ICJR Ajukan Amicus Curiae Kasus PA di Garut ke Mahkamah Agung

Erasmus mengatakan, PA adalah sosok seorang istri yang dinikahkan saat masih di bawah umur. Perkawinan prematur membuat suami melakukan kekerasan dalam rumah tangga.

oleh Muhammad Radityo Priyasmoro diperbarui 02 Sep 2020, 20:25 WIB
Diterbitkan 02 Sep 2020, 20:25 WIB
20151030-Gedung-Mahkamah-Agung
Gedung Mahkamah Agung (Liputan6.com/Yoppy Renato)

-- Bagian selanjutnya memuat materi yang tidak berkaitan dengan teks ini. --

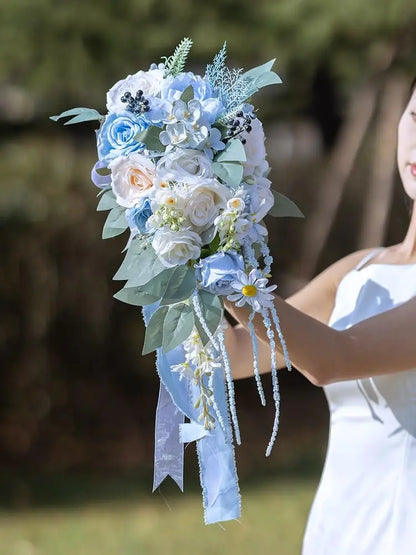 AERÉLIA™ Cascading Blue Bridal Bouquet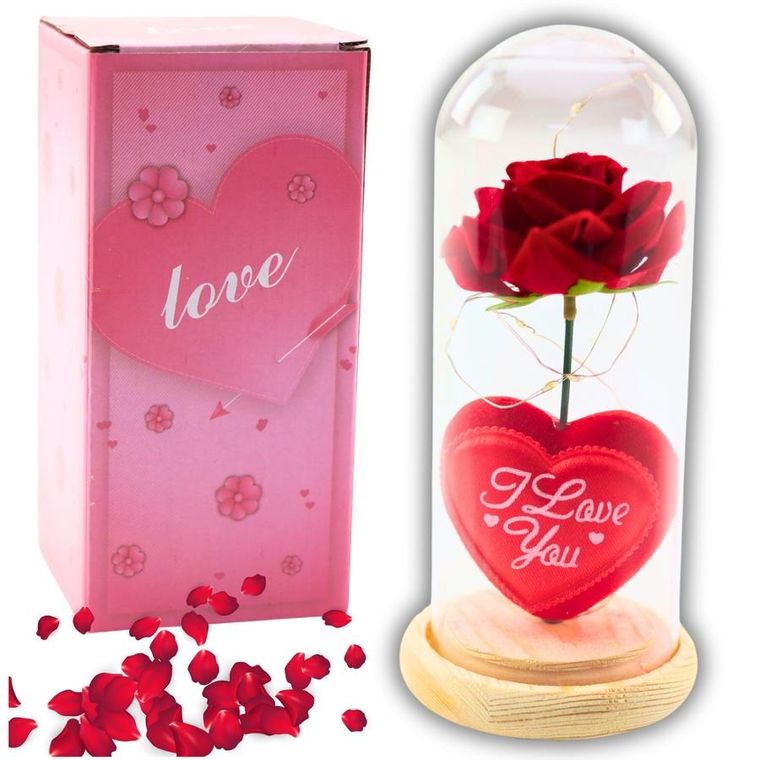 Lean Toys, wieczna róża w szkle, oświetlenie LED, czerwona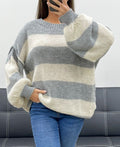 Pull oversize a rayures gris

Liputan6.com, Jakarta - Direktur Eksekutif Institute for Criminal Justice Reform (ICJR) Erasmus Napitupulu mengatakan, pihaknya bersama Masyarakat Pemantau Peradilan Indonesia Fakultas Hukum Universitas Indonesia (MAPPI FH UI) mengajukan Amicus Curiae ke Mahkamah Agung dalam kasus yang menimpa warga Garut, Jawa Barat berinisial PA.

Amicus curiae adalah pihak yang memberikan pendapat hukum dalam sebuah kasus di pengadilan, di mana pihak ini bukanlah mereka terlibat dalam sengketa tersebut.

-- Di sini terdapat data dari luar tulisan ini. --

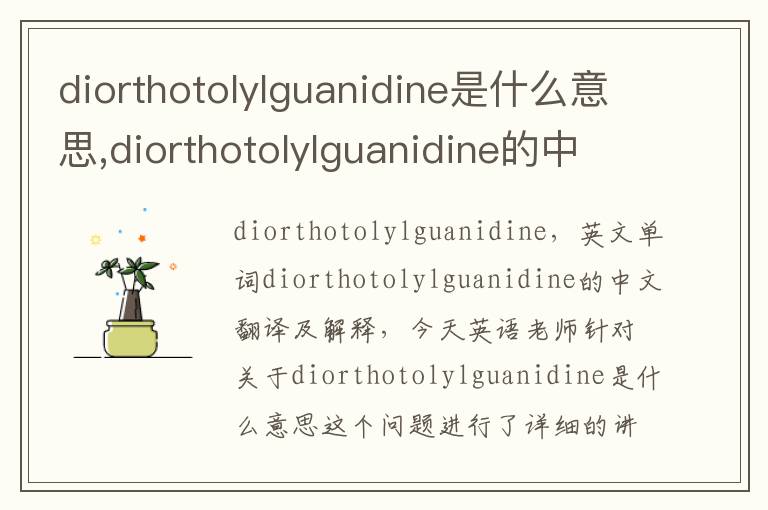 diorthotolylguanidine是什么意思,diorthotolylguanidine的中文翻译,含义,读音发音,用法,造句,参考例句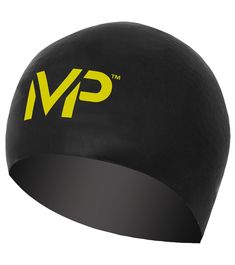 a black and yellow swim cap with the word gm on it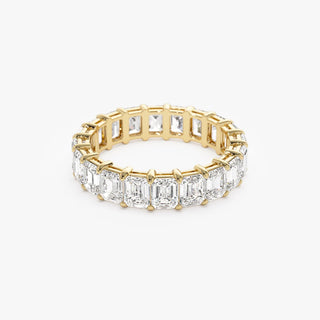 4.5 TCW Emerald Cut Eternity Moissanite Diamond Wedding Band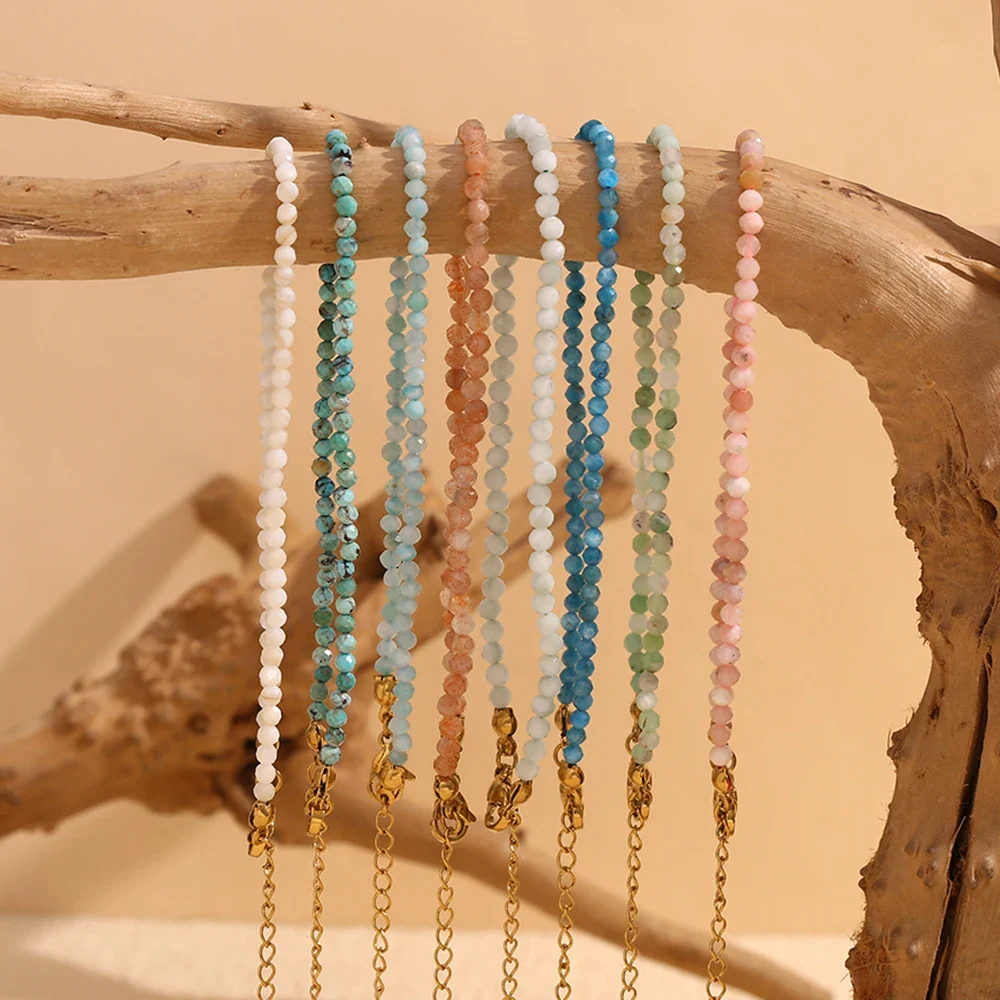 Soothing Abundance - Dainty Faceted Larimar Bracelet - Image 5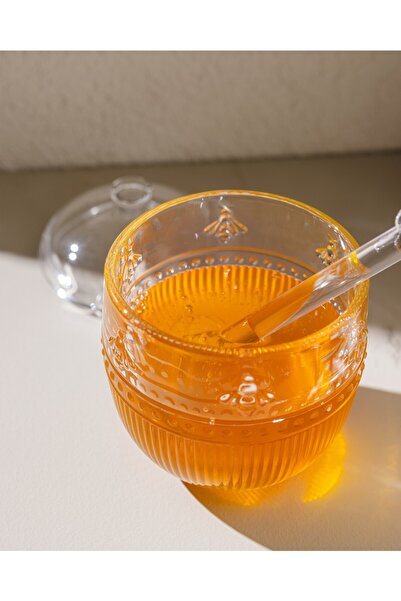 Madame Coco Abeille Glass Honey Jar with Spoon - Transparent - 240 ml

"Kami ajukan dalam kasus kriminalisasi PA, seorang warga Garut yang diketahui sebagai korban kekerasan dalam rumah tangga dan eksploitasi seks oleh suami untuk konten pornografi," kata Erasmus, Rabu (2/9/2020).

Menurut ICJR dan MAPPI FH UI, kasus PA telah membuatnya diadili karena dilatarbelakangi daya paksa yang timbul atas ketimpangan relasi kuasa antara PA dan suaminya.

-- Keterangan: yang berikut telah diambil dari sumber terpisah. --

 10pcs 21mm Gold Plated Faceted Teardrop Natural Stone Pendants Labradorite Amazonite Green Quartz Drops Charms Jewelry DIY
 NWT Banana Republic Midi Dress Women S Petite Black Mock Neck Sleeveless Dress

"PA tidak memiliki ruang untuk menolak permintaan suaminya dan sekarang perkaranya sudah di kasasi, dibanding diputus pidana juga. Kita minta MA lebih benar menerapkan hukumnya," harap dia.

Erasmus mengatakan, PA adalah sosok seorang istri yang dinikahkan saat masih di bawah umur. Perkawinan prematur membuat suami melakukan kekerasan dalam rumah tangga, dengan memaksa PA melakukan konten pornografi dan pornoaksi.

"Dia menjadi korban objek konten, eksploitasi seksual, kekerasan, dan penjualan manusia," kata Eras.

Dia mengatakan, akibat suaminya meninggal dunia, PA harus menanggung semua perbuatannya. Ia dijerat sebagai pelaku dengan Pasal Pornografi karena turut menjadi model dalam konten terkait.

Pengadilan Negeri Garut pun menjatuhkan hukuman 3 tahun penjara. Karena hal tersebut, ICJR dan MAPPI FH UI berjuang untuk mencari keadilan bagi PA.

Saksikan video pilihan di bawah ini:

Vonis PA

Berkas Dokumen Arsip File
Ilustrasi Foto Berkas atau Dokumen. (iStockphoto)

Sebelumnya, Majelis Hakim Pengadilan Negeri Garut, Jawa Barat, memvonis terdakwa wanita pemeran dalam kasus video mengandung pornografi dengan hukuman tiga tahun penjara dan denda Rp 1 miliar subsider tiga bulan penjara karena terbukti melanggar Undang-Undang Pornografi.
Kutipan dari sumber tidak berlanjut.